11. It is further submitted that in the orders which are under challenge, there is a specific finding which is not disputed by the petitioner that the whole consideration amount was given at the time of agreement to sell in the year 1970 and not only this, the possession was also given which made the alleged transaction was sham & not bonafide.

12. It is further submitted that the petitioners failed to show by any documentary evidence that they were in continuous cultivating possession on the land.

13. It is further submitted that contract for sell/agreement to sell was prior to the prescribed date and submission made by the learned counsel for the petitioner that the same may be treated as in continuance of the execution of the sale deed on 07.02.1972, is not tenable. It is further submitted that it is an undisputed and admitted case that 18 acres of land was sold on the consideration of Rs. 14,000/- only, which is not adequate. It is further submitted that in the sale deed neither the agreement to sell was disclosed nor there was any disclosure how much money had been contributed by the petitioners for payment of consideration amount or what was the share of the petitioners.

14. It is further submitted that the land which was shown to be purchased was situated in different village as the petitioners are the residents of different village and creates doubt of their cultivating possession.

15. After considering the aforesaid, the prescribed authority and the judicial appellate authority have rightly came to the conclusion that the sale deed executed is not in a good faith. It was executed just for the purpose of saving the land from the clutches of ceiling.

16. It is further submitted that the submission raised by learned counsel for the petitioners are related to the findings of facts which cannot be re-opened or questioned in the writ jurisdiction.

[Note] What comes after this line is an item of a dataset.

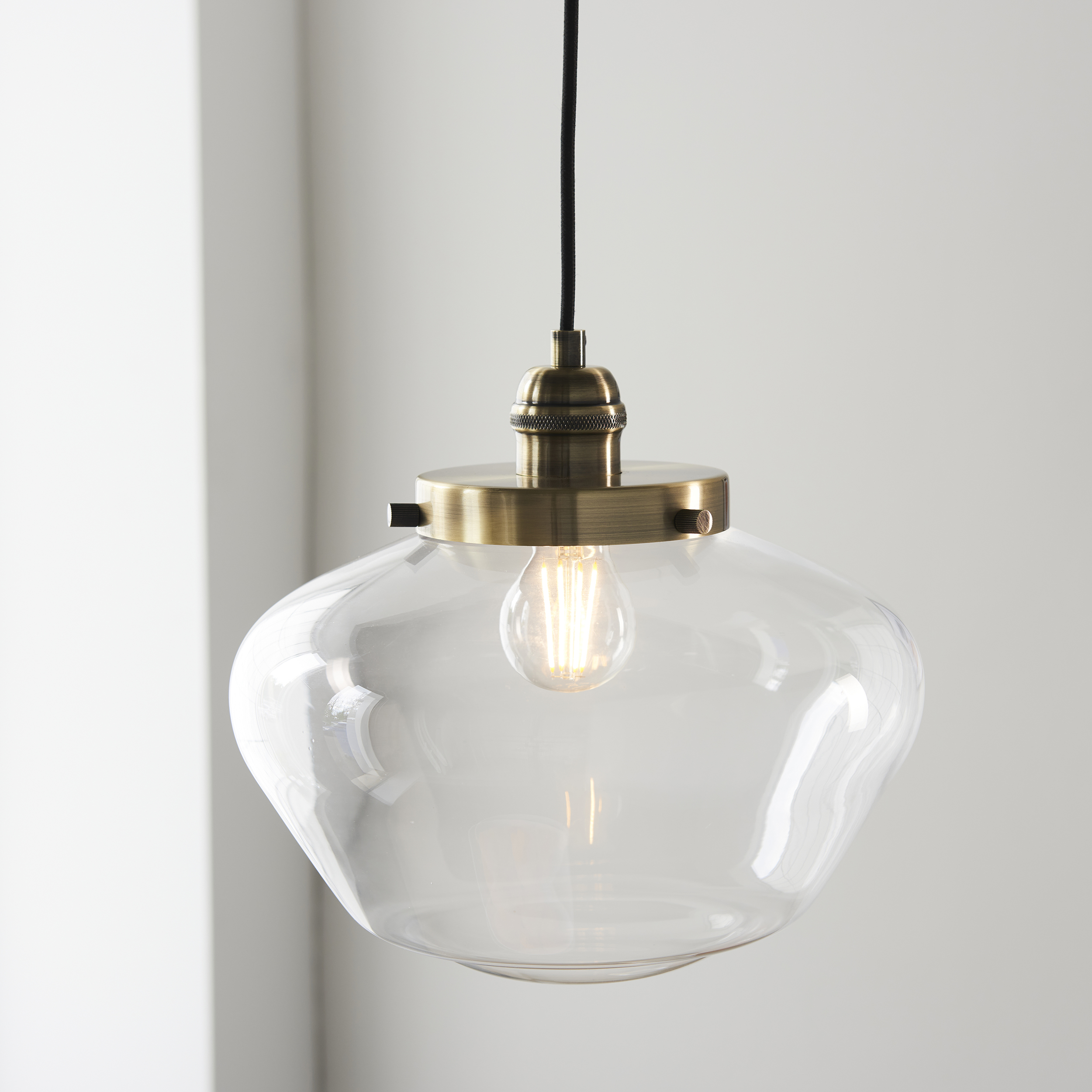 Poro Pendant Lamp, Antique Brass, Clear Glass, 30cm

17. In support of his submission, he has placed reliance upon the judgment of Hon'ble Supreme Court in the case of Syed Yakoob vs. K.S. Radha Krishnan [AIR 1964 SC 477] which has been followed by this Court in the case of Jaleshwar Nath Tewari vs. State of U.P. and Ors. passed on 28.03.1989 in W.P. No. 2731 of 1982. The relevant paragraphs of the judgment is being quoted hereinbelow for ready reference:-

".As mentioned in clause (b) if sub-Section (6) only these transfers which are prooved to the satisfaction of the Prescribed Authority made after 24.01.21971 to be in good faith and for qdequate consideration and under an irrevocable instrument not being a benami transaction or for immediate or deferred benefit of the tenure-holder or other members of his family are to be excluded in determining the ceiling area. Burden of proving that a case falls within clause (b) of the proviso rests with the party claiming its benefit as mentioned in Explanation II.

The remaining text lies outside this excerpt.